Une distinction fondamentale qui existe en France est celle qui permet de différencier la garde et l’astreinte. Selon si la garde est développée sur le lieu du travail ou sur un autre lieu différent, on va trouver des différences importantes entre ces deux concepts et une importante frontière du droit français entre le temps de travail et la période de repos.

La garde, qu’est-ce que c’est ? Tout en prenant en considération l’arrêt de la Cour de cassation, civile, Chambre sociale, 8 juin 2011, 09-70.324, on peut définir la garde comme la période correspondante à la

« permanence des soins assurée en continuité par les médecins de l’établissement contraints de demeurer sur place ou de se tenir dans un local de garde prévu à cet effet afin de rester pendant toute la durée de leur garde à la disposition immédiate de l’employeur sur leur lieu de travail ».
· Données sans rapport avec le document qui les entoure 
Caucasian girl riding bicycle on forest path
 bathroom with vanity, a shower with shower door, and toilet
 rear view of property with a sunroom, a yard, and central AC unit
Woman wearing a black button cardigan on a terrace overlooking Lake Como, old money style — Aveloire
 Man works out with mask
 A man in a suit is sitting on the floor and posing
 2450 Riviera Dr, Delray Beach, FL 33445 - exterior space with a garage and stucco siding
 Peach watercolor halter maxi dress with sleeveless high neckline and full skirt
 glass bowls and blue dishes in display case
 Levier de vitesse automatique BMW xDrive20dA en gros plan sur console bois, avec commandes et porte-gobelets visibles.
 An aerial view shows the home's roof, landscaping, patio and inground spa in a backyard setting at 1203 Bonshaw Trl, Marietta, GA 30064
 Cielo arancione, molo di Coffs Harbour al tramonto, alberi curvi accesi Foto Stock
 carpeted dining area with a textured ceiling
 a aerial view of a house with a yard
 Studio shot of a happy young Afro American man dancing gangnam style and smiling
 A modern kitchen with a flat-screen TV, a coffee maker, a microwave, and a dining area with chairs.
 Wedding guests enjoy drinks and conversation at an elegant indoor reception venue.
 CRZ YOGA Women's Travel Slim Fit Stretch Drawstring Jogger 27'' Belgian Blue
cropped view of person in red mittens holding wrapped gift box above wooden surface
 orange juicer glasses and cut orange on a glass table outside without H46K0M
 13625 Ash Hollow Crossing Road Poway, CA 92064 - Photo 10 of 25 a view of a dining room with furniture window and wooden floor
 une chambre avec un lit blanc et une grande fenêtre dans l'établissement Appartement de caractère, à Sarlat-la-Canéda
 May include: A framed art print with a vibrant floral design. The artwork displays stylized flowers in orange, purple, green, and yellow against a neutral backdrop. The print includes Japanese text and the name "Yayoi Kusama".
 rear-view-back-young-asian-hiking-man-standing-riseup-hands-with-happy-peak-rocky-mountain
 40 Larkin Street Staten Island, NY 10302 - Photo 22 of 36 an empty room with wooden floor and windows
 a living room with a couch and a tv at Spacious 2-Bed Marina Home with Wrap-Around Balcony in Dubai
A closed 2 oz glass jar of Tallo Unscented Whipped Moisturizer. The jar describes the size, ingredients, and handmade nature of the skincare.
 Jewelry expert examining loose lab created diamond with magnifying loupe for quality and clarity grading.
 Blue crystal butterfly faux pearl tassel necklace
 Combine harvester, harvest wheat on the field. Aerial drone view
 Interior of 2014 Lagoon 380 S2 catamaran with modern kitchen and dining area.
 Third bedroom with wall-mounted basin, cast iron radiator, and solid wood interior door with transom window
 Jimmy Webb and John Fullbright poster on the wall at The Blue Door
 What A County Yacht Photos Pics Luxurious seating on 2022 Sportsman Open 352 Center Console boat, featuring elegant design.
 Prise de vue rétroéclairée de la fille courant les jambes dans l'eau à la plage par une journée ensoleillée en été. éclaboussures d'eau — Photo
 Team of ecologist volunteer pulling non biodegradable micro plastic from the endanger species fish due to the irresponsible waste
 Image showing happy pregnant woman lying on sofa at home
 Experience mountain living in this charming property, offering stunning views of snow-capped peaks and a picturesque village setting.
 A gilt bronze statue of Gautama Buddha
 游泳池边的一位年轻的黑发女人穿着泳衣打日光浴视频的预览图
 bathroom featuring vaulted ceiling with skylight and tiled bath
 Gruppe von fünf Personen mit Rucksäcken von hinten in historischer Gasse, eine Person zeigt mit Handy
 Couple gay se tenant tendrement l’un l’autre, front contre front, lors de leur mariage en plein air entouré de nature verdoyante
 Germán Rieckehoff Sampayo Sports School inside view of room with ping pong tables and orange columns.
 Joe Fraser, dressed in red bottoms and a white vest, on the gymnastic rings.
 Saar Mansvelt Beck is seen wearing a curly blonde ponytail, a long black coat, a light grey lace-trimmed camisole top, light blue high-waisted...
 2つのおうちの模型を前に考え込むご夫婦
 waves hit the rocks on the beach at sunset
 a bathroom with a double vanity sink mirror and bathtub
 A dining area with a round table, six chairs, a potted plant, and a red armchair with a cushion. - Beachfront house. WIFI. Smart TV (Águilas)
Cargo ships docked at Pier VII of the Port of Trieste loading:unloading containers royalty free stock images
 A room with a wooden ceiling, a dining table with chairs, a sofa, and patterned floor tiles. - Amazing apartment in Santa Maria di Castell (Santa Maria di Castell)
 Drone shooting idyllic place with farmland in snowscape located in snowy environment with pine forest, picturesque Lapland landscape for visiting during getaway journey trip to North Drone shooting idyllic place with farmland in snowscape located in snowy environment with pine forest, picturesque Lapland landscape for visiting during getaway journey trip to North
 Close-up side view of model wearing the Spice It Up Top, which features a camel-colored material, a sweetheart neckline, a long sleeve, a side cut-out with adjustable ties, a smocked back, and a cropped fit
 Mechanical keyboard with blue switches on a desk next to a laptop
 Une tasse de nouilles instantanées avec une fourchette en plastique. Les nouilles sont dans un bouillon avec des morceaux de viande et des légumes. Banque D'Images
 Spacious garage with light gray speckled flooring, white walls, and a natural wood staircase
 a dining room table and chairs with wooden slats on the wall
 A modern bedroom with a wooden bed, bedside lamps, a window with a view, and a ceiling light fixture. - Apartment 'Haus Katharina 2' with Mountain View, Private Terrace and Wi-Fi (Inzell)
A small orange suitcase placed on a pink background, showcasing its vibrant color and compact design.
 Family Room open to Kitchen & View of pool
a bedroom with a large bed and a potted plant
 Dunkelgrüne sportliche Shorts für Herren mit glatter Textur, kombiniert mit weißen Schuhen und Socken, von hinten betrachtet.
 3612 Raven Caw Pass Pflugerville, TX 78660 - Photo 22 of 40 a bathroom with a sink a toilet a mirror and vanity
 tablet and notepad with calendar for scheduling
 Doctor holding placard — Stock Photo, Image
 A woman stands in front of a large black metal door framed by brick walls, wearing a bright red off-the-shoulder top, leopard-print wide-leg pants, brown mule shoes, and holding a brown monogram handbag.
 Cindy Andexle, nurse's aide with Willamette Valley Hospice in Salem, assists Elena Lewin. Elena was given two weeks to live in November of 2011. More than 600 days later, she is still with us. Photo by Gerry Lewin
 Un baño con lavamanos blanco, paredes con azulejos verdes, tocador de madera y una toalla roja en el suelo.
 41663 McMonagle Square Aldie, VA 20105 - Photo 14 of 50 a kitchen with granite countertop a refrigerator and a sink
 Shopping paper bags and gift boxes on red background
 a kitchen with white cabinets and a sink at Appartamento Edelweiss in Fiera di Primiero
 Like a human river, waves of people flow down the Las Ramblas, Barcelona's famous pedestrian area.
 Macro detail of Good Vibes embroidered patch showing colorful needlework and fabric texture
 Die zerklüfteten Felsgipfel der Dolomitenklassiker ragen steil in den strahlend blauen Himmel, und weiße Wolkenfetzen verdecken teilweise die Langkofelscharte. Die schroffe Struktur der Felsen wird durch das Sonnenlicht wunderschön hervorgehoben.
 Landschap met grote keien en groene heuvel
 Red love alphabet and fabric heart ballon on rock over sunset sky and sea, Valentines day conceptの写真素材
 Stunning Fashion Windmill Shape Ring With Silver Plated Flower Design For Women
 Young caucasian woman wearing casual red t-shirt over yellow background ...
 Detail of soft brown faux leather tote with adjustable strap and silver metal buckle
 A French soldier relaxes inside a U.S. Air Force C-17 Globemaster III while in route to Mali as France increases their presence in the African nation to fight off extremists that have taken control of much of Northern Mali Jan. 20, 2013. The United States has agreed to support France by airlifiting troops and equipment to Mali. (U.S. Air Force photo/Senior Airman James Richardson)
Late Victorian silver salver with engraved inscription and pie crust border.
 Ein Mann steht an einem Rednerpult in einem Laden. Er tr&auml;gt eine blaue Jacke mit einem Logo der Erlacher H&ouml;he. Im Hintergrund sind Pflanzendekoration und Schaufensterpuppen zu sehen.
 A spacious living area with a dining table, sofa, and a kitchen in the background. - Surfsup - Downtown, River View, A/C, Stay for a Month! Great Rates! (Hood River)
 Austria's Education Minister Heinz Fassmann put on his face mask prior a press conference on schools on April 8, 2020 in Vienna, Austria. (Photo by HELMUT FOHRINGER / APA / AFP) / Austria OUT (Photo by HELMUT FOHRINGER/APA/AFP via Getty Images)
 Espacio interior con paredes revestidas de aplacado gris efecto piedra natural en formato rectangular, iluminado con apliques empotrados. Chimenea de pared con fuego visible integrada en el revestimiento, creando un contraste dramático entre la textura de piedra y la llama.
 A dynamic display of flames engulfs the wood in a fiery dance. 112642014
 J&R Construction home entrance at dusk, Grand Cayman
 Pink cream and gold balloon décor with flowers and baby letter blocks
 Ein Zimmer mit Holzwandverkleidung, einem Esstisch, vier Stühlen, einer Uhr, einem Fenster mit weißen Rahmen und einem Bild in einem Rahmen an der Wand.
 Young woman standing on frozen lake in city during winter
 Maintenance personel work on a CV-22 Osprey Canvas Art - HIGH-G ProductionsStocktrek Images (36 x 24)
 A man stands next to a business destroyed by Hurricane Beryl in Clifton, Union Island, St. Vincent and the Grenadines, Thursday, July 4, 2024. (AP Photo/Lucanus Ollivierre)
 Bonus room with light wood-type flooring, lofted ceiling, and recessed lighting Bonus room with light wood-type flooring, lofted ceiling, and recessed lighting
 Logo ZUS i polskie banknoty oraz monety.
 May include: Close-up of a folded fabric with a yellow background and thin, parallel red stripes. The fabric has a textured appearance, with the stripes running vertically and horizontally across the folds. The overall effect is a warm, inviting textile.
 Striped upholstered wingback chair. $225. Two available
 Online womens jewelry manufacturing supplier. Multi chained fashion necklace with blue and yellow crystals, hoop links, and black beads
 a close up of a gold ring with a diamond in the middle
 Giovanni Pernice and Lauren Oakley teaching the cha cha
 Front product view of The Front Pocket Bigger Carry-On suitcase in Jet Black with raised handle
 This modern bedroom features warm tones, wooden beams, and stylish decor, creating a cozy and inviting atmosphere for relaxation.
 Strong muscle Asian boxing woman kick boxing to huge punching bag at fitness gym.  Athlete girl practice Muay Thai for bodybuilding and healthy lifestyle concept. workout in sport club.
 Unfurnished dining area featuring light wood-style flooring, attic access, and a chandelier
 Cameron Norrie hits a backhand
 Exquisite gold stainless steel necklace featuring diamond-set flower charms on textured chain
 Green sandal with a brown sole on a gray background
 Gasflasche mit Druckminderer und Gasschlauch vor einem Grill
En conclusion, pour qu’une période soit qualifiée comme garde en France, il faut que le salarié se trouve dans le lieu du travail pour rester là durant toute ladite période.

La période d’astreinte est définie dans l’article L3121-9 CT :

« Une période d’astreinte s’entend comme une période pendant laquelle le salarié, sans être sur son lieu de travail et sans être à la disposition permanente et immédiate de l’employeur, doit être en mesure d’intervenir pour accomplir un travail au service de l’entreprise ».

En principe, la période d’astreinte permet au travailleur de se vaquer librement à des activités personnelles, à condition d’être joignable à tout moment.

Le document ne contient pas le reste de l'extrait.